Maar er is nog iets meer aan de hand, vermoed ik. Het woord ‘ontvangen’ leidt binnen in een wereld van gedachten die ons vreemd is. Ontvangen kan namelijk alleen met geopende en lege handen. Ontvangen is: iets ondergaan, aan mij laten handelen en dus zelf niet langer de handelende zijn. En dat is ons in toenemende mate vreemd. In toenemende mate, schrijf ik bewust, want het is altijd en overal in de geschiedenis van de kerk vreemd geweest. En als het besef er is, zijn er altijd ook mensen bezig het weg te masseren: Pelagius, Erasmus. Eigenlijk hoor ik Van Ruler dat op een bepaalde manier ook doen als hij in het betreffende hoofdstuk (68-75) opmerkt (68) dat we ‘echt niet alleen’ naar de kerk gaan om het heil te ontvangen om dan verder te gaan: ‘Dat is zelfs niet de eerste en voornaamste reden.

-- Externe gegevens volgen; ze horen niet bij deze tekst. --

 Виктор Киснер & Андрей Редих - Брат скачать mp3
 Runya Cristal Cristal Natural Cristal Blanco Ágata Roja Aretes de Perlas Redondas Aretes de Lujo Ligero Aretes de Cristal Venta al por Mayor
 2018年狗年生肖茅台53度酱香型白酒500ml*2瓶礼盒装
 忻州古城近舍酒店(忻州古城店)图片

We gaan er ook heen voor de lofprijzing, de voorbede en de schuldbelijdenis.’ Het wordt me eerlijk gezegd te snel gezegd en met zo’n typische Van Ruleriaanse luchtigheid die me ergert en die het me zo vaak moeilijk maakt hem te lezen. Bij al die handelingen die hij noemt, zijn wij alweer handelende subjecten. Het lijkt me heilzaam en buitengewoon nodig dat we ons iets langer – nee: blijvend! – ophouden bij de vreemdheid, de ergernis, de storing van het feit dat wij niet naar de kerk komen om van alles te doen, maar om nu juist af te zien van ons handelen.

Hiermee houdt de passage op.